2000 Quadratmeter Furnier
Und was wird jetzt aus dem kostbaren Holz? In der kommenden Woche soll der Riegelahorn „gemessert“, also in 0,5 Millimeterdicke Furnierstücke geschnitten werden. Rund 2000 Quadratmeter Furnier wird der von Mehling & Wiesmann ersteigerte Stamm ergeben. Der Verkauf dieser Menge in dieser Qualität ist nach Siedlers Einschätzung kaum ein Problem. Man habe schon in Vorfeld bei einigen potenziellen Abnehmern angefragt. Eines ist sicher: Der furnierte Riegelahorn aus Unterfranken wird an exklusiver Stelle im Innenausbau zum Einsatz kommen, sei es in einem edlen Hotel in Fernost, in einer Bank in London oder in einer kostspieligen Millionärs-Yacht.
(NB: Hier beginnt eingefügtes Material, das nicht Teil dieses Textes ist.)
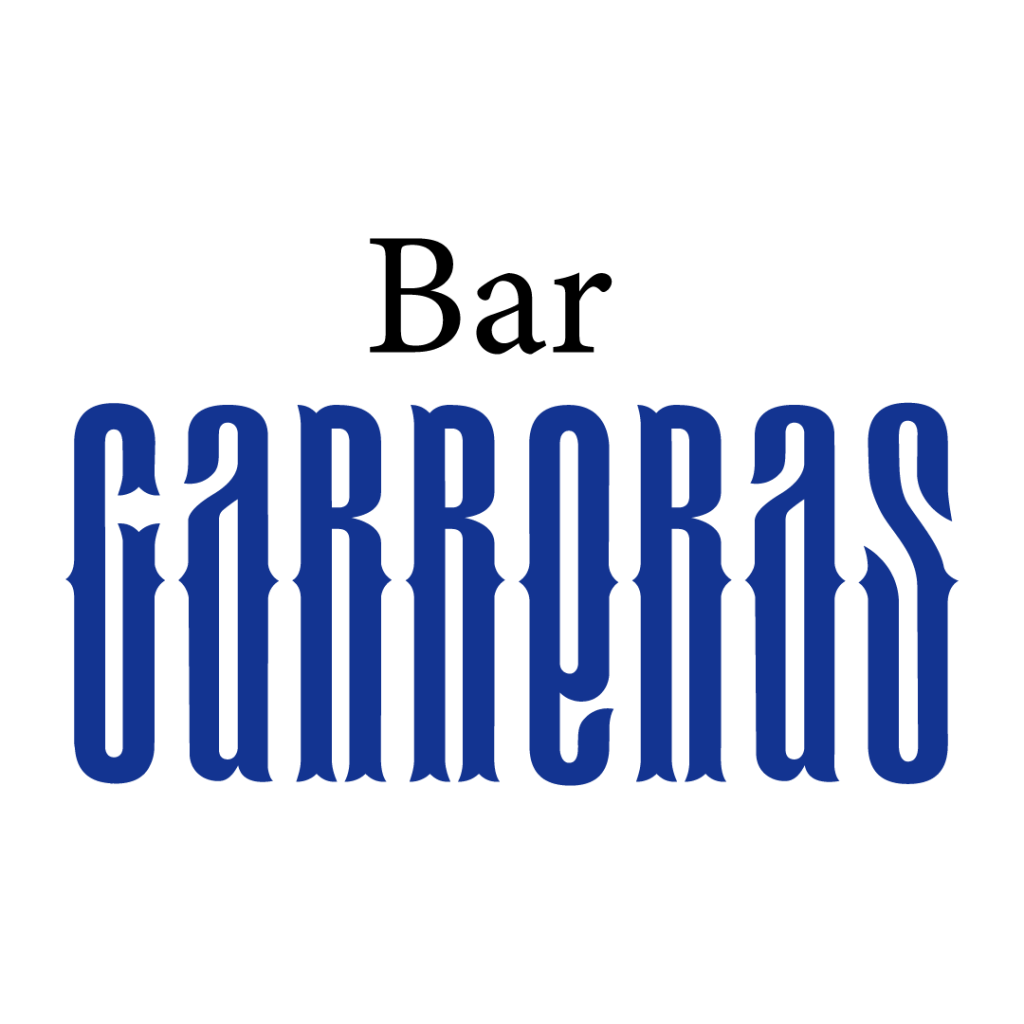 BAR CARRERAS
Vor dem Hintergrund dieser hochwertige Nutzung ist es für die Holzfachleute schon etwas ärgerlich, dass die Äste des wertvollen Baumes aus Waldbrunn bereits zu Meterstücken Brennholz kleingeschnitten wurden. Selbst diese Abschnitte wollen sich die Lohrer Sägewerker nun noch einmal anschauen. Vielleicht findet sich ja noch das eine oder andere Stück „Tonholz“. Aus dem könnte man kostbare Geigen oder Gitarren bauen.
Riegelahorn
Die Maserung im Ahornholz
ist seltenes Ergebnis eines besonderen, welligen Faserverlaufes. Dieser führt zu streifenförmigen Hell-Dunkel-Effekten. Die Ursache wird von manchen in einer genetischen Anomalie gesehen. Teils werden auch außerordentliche Zug- und Druckbelastungen des Holzes als Ursache vermutet. Eine Riegelung in unterschiedlichster Ausprägung kommt nur bei rund drei Prozent aller Bergahornbäume vor. Zu erkennen ist sie am stehenden, berindeten Baum nicht, sondern erst, wenn ein Stück der Rinde entfernt oder der Baum gefällt wurde.